- Exercise directions -
Take the entries below and reproduce exactly the portion that begins at the line containing "Modelo de dientes" and ends at the line containing "Handbook of Direct", keeping both ends, dropping pictures, and adding nothing else.

- Data shown -
═══

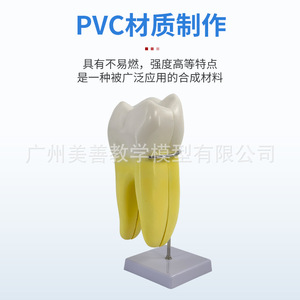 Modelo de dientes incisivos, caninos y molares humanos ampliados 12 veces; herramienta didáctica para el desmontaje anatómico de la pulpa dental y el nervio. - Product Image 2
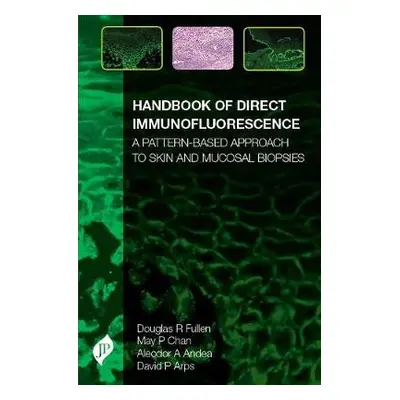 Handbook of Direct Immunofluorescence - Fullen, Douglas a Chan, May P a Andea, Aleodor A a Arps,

═══

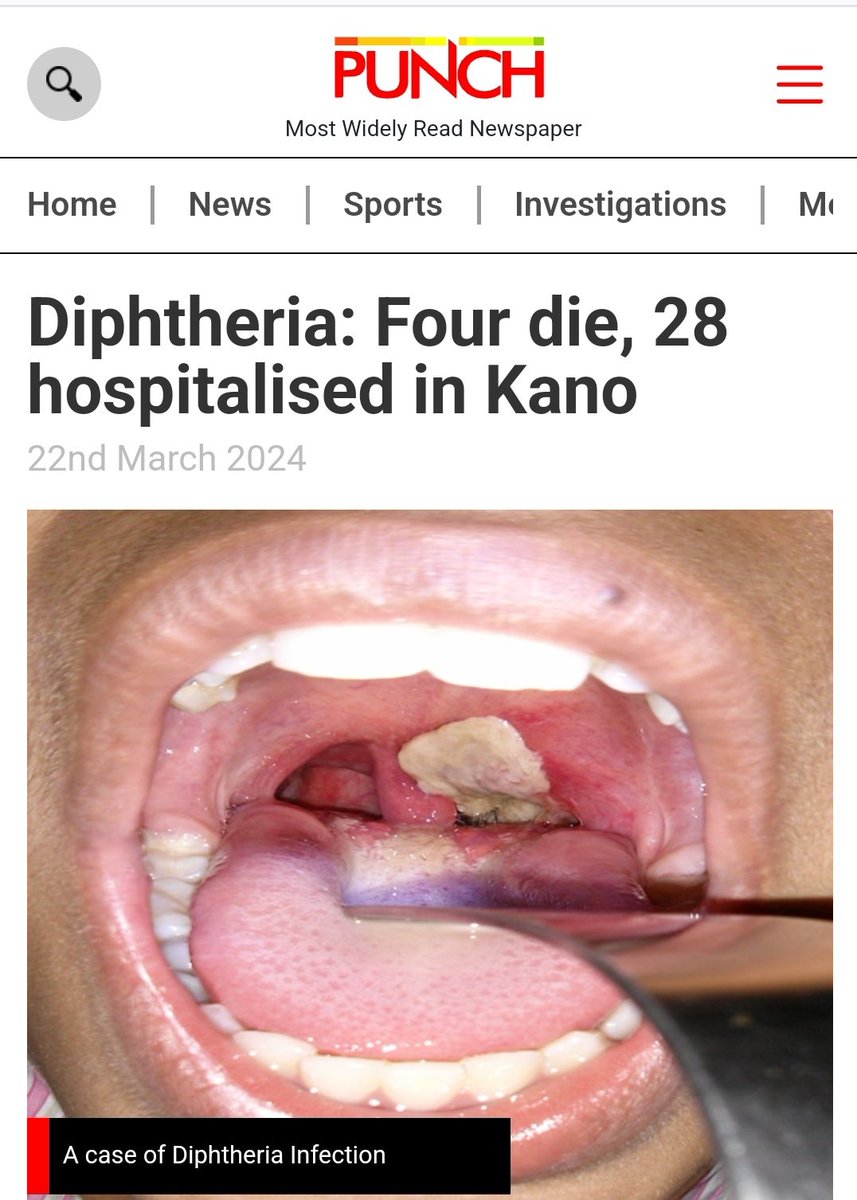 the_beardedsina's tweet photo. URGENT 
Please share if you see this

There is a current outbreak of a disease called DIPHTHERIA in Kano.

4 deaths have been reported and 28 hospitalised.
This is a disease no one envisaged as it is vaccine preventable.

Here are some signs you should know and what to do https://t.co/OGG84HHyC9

═══

- Solved exercise -
 Modelo de dientes incisivos, caninos y molares humanos ampliados 12 veces; herramienta didáctica para el desmontaje anatómico de la pulpa dental y el nervio. - Product Image 2
 Handbook of Direct Immunofluorescence - Fullen, Douglas a Chan, May P a Andea, Aleodor A a Arps,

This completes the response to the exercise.